** Given information follows **
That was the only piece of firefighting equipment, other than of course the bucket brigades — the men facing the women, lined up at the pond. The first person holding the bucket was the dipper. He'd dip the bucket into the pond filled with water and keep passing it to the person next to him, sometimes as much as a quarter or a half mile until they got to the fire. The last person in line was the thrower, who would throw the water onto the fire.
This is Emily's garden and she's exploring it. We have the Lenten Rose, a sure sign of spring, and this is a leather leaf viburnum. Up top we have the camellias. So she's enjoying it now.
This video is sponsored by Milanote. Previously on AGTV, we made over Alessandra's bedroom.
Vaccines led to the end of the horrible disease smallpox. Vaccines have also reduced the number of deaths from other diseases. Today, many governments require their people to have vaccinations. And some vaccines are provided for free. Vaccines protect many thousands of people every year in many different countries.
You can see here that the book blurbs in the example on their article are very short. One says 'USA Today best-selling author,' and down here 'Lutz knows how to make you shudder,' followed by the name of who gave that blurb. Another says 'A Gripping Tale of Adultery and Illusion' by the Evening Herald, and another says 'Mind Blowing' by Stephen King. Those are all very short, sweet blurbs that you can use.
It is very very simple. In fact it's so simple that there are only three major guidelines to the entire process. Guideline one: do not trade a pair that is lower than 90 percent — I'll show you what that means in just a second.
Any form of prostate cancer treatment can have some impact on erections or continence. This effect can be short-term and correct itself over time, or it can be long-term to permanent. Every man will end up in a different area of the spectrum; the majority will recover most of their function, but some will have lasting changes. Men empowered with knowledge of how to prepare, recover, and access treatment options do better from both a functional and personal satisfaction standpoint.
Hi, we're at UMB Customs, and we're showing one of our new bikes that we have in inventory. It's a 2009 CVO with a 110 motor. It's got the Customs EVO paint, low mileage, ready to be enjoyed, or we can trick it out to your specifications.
** End of Given information **
● **What to do**
All lines in the records above with "This" need to be found and copied.

● **Task response**
This is Emily's garden and she's exploring it. We have the Lenten Rose, a sure sign of spring, and this is a leather leaf viburnum. Up top we have the camellias. So she's enjoying it now.
This video is sponsored by Milanote. Previously on AGTV, we made over Alessandra's bedroom.
Any form of prostate cancer treatment can have some impact on erections or continence. This effect can be short-term and correct itself over time, or it can be long-term to permanent. Every man will end up in a different area of the spectrum; the majority will recover most of their function, but some will have lasting changes. Men empowered with knowledge of how to prepare, recover, and access treatment options do better from both a functional and personal satisfaction standpoint.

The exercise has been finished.